Bu mit, aynı zamanda Platon’un idealar dünyasına kaçışı simgeler. Duyuların ve fiziksel dünyanın ötesinde bir gerçeklik vardır ve Balık bu gerçekliğe sezgiyle ulaşır. Mitos, tanrısal olanın korunması için dünyevi biçimlerin aşılması gerektiğini söyler.
III. TANRISAL İZDÜŞÜMÜ: POSEIDON ve DIONYSOS
Balık burcunun tanrısal izdüşümünde bir ikilik vardır: Poseidon ve Dionysos. Bu iki tanrı, Balık doğasının iki ayrı yönünü temsil eder:
Poseidon (Neptün): Duyguların, bilinçdışının, rüyaların ve bilinmeyen suların tanrısı. Okyanus, kolektif bilinçdışının metaforu olarak Balık’ın psişik alanını tanımlar. Balık, tıpkı Poseidon gibi öngörülemezdir: hem sükunet hem fırtına taşır. Bu yönüyle Carl Jung’un kolektif bilinçdışı kavramıyla doğrudan ilişkilidir.
Dionysos: Aklın sınırlarını aşan, sarhoşluk ve vecd içinde tanrıyla birleşme arzusu. Dionysosçu bilinç, mantığın değil *“enthousiasmos”*un (içten gelen tanrısallığın) peşindedir. Balık, bu vecd halini yaşar; kendinden geçerek evrenle birleşir. Dionysos’un mistik çılgınlığı, Balık’ın sezgisel deliliğidir.
IV. ARKETİPSEL ANALİZ: KURTARICI, KURBAN ve MİSTİK
Balık burcu, Jungiyen psikolojide birkaç arketipin kesişiminde yer alır:
1. Kurban Arketipi: Balık, kolektif acıyı yüklenir. Onun empatisi sınır tanımaz; başkalarının acısı, onun kendi varlığıymış gibi yaşanır. Burada, İsa Mesih arketipi öne çıkar. Acının dönüştürücü gücü, Balık’ın özüdür.
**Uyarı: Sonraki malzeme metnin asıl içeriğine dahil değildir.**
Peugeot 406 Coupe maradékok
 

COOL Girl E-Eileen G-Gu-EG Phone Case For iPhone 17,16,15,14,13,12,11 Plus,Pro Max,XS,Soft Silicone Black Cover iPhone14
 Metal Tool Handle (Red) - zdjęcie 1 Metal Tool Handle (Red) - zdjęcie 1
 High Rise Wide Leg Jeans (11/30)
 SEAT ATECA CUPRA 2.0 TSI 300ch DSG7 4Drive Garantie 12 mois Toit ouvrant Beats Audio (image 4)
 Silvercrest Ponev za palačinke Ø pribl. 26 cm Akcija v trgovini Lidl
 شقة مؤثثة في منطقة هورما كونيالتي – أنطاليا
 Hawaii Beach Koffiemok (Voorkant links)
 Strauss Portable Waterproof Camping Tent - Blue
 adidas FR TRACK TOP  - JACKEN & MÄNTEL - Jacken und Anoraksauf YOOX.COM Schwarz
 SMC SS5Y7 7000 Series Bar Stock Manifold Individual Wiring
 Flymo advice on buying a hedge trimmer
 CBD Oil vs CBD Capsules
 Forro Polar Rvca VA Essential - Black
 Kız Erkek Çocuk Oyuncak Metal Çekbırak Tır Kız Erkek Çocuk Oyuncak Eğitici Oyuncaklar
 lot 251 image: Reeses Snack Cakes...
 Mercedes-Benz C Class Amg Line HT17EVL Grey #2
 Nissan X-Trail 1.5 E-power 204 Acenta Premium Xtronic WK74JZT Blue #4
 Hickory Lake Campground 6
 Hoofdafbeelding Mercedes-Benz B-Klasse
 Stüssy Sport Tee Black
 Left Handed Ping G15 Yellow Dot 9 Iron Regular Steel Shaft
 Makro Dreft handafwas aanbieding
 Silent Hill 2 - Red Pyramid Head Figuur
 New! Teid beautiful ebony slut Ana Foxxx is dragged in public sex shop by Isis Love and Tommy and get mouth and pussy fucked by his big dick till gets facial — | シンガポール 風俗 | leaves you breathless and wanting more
2. Kurtarıcı Arketipi: Balık sadece acıyı taşımaz, onu şifalandırmak ister. Ancak bu çoğu zaman kendini feda pahasına olur. Yine Mesih benzeri figürlerin trajik kurtarıcılığı bu burçta yankı bulur.
3. Mistik-Arketip: Balık, sezgiyle evrenin dilini konuşur. Gnostik bilgeliğin, sufî vecdin, Zen aydınlanmasının içindedir. Onun bilgeliği, anlatılmaz olanı sezmeye dairdir. “Bilen değil, hisseden hakikate yaklaşır.”
V. BALIK BURCUNUN KADERİ VE BİLİNÇLEŞME YOLU
Balık’ın kaderi, çözülme ve birleşme arasında salınır. Negatif kutupta bu, sınırları kaybetmek, bağımlılıklar, hayal dünyasına sığınmak ve kaçışla sonuçlanabilir. Ancak bilinçli Balık, Neptünyen kaosun içinden kozmos yaratmayı öğrenir.
O, özne ile nesnenin ayrı olmadığı bir bilinç düzeyine evrilmeyi hedefler. Bu da onu astrolojik çarkın sonunda, yeni bir başlangıca hazırlayan burç yapar. Balık, dönüşümle tamamlanan yolculuğun eşiğidir.
SONSÖZ:
Balık burcu, insan ruhunun en soyut, en incelikli titreşimlerine ev sahipliği yapar. Onun varoluşu, “var olmak düşünmektir” değil, “var olmak hissetmektir” diyen bir bilinç düzeyinde tezahür eder. Mistik olanın hizmetkârı, sezgisel hakikatin taşıyıcısıdır. O, evrenin gözyaşı gibi bir damlada sonsuzu taşır.